Louisiana Teachers’ backs Enhanced Credit

Enhanced Capital Partners is targeting $200m for its latest credit fund. 

The Teachers’ Retirement System of Louisiana’s investment committee approved a $25 million commitment to Enhanced Capital Partners’ credit supported loan fund earlier this week, the retirement system’s director of private markets Maurice Coleman told Private Debt Investor.

“We have a relationship with the firm, but this is the first credit product of theirs we’ve invested in,” Coleman said.  

Enhanced Credit Supported Loan Fund is targeting $200 million to provide debt to transitional stage companies in need of financing, according to a Hamilton Lane report provided by Louisiana Teachers’. Although the firm will not typically invest in distressed companies through the vehicle, portfolio companies will likely be considered “non-bankable” due to sector, stage, profitability or free cash flow constraints, according to the report.

The fund will invest between $4 million and $20 million per deal in 25 to 30 companies with enterprise values below $100 million.

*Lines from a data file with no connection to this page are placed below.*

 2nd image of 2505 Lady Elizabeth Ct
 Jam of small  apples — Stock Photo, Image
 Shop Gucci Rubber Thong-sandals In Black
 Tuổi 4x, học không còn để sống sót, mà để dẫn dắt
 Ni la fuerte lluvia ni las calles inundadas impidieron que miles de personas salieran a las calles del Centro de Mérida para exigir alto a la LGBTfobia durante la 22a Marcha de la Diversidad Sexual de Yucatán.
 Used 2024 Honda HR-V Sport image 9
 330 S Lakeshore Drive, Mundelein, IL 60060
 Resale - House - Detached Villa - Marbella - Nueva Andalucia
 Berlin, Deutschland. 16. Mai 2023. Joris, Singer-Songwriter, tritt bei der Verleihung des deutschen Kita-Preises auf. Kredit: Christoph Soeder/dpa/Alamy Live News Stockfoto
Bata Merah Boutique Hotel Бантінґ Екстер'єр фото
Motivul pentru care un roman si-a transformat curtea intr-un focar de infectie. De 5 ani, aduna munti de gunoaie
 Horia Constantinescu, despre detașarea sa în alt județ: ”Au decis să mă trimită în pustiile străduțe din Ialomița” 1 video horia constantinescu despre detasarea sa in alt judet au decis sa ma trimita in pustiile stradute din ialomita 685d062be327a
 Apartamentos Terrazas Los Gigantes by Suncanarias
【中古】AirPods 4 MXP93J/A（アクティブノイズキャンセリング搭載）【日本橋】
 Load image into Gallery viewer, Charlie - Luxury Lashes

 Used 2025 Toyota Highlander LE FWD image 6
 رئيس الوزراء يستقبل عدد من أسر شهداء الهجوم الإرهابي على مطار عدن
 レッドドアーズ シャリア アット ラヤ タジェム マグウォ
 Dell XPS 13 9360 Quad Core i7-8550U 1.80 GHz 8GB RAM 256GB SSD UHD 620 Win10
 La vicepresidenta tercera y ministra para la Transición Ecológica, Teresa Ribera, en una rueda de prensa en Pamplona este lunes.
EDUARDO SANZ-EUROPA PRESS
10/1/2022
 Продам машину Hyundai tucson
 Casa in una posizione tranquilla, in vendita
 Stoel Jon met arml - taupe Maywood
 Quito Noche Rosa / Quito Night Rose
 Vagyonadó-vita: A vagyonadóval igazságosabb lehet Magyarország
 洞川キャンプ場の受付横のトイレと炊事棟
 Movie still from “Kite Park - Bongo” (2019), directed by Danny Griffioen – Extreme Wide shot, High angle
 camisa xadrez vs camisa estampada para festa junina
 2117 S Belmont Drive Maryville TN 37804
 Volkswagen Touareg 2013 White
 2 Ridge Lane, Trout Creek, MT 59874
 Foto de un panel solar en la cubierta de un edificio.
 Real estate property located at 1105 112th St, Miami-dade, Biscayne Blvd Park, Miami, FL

Typical coupon rates will range between 11 and 13 percent, with a closing fee of 2 to 3 percent, according to Hamilton Lane’s report. Maturities will be between three and four years with limited call protection.

Enhanced Capital has grossed an overall multiple of 1.1x and 10.4 percent internal rate of return through its previous credit finance programs and SBIC fund as of 31 December, according to the report.

“The combination of favorable terms, a differentiated investment strategy and prudent leverage should serve to strengthen the performance of the Fund,” Hamilton Lane wrote in its report.

Enhanced Capital Partners was founded by Andy Paul in 1999. The firm received an SBA license to raise SBIC fund in 2010, according to its website.

In October, Louisiana Teachers’ disclosed that it had committed $75 million to Babson Capital Management’s Tower Square Fund IV, which is targeting $1.6 billion for lower mid-market mezzanine investments. That commitment is contingent on Tower Square IV’s ability to raise at least $750 million, according to a Hamilton Lane document.